Por causa da especificidade da sua função, é comum confundir os jornalistas com os meios de transmissão impessoais que utilizam, e esquecer que cada intrépido repórter coexiste no mesmo corpo com um ser humano, muitos deles com sentimentos. É portanto de louvar o profissionalismo exibido nesta semana por toda a equipa de informação da SIC, que, mesmo ocupadíssimos com a sua mudança de instalações, conseguiram manter-nos permanentemente informados sobre a grande notícia da semana: a sua mudança de instalações. Enquanto o resto da imprensa se distraía com Venezuelas, debates parlamentares e outros flocos de espuma, a SIC soube focar-se no essencial - um grupo de pessoas ia sair de um edifício e entrar num edifício diferente, a sensivelmente nove quilómetros de distância.

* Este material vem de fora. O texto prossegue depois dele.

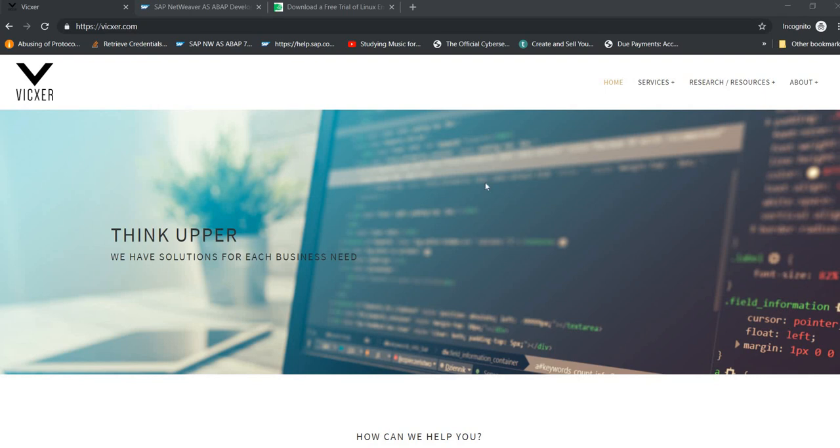Hello everyone, my name is Jordan Centarcieri from VIXIR, and in this series of videos I'm going to show you how you can create and install your own SAP environment for testing.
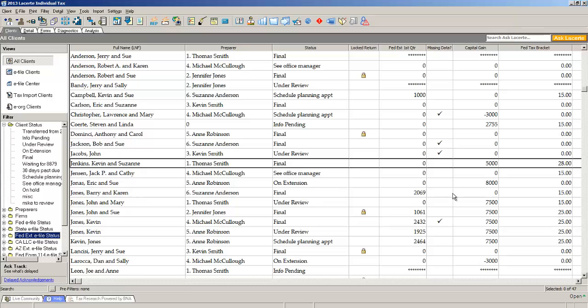under review, or in progress. There are a number of different statuses you can use to keep track of your work.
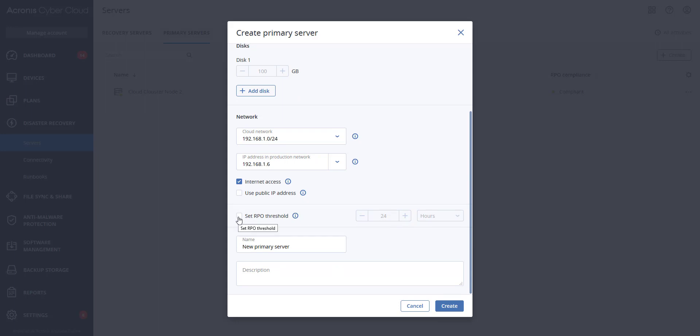When you click on this, you can set the time in either hours, minutes, or days. If you chose minutes, you could set this between 15 and 60 minutes. For days, you can set this from 1 to 14 days. And for hours, you can set this between 1 and 24 hours. This is defining the RPO that you want to achieve.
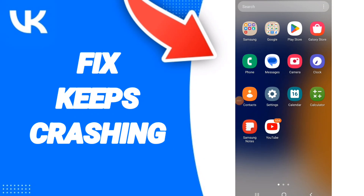Hello everyone. Today we will talk about how to fix keeps crashing on the application of Viki.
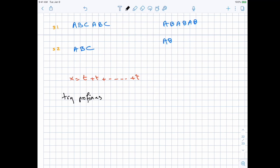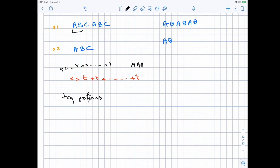We only need to try prefixes of one of the strings — we can just fix one string, say the smallest one, and pick a prefix from it. Then check if the other string is just a concatenation of it. For example, we try A — that's not a divisor of S2, and not a divisor of S1 because we find a different character. We try AB — not a divisor of S2 or S1. We try ABC — that is a divisor of S2 (one concatenation) and a divisor of S1 (two concatenations).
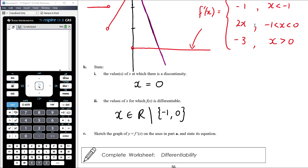The work today is from a worksheet titled Differentiability. This brings us to the end of our rates of change and differentiation topic — covering what differentiation is and how we calculate derivatives for simple polynomial and power functions. The next topic will look at applications of derivatives. In year 11 we won't introduce derivatives of exponentials, logs, or circular functions — those get added in year 12.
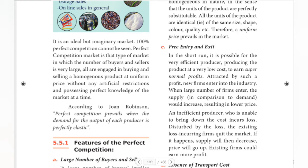This is perfect competition. There are many buyers and sellers who are in contact with each other. There will be free entry and exit at any point in the market.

Violinos. Imagens de arquivo. "A SIC mudou... saiu da zona de conforto... e arriscou." Rodrigo Guedes de Carvalho, não deixando que o tumulto deteriorasse o seu sentido de rigor, apresentou os factos cronológicos, geográficos, arquitectónicos e cromáticos em apreço: "Durante 26 anos, a SIC morou aqui, na Estrada da Outurela, número 119. O edifício conhecido pelas paredes... de tijolos. Uma casa... amarela."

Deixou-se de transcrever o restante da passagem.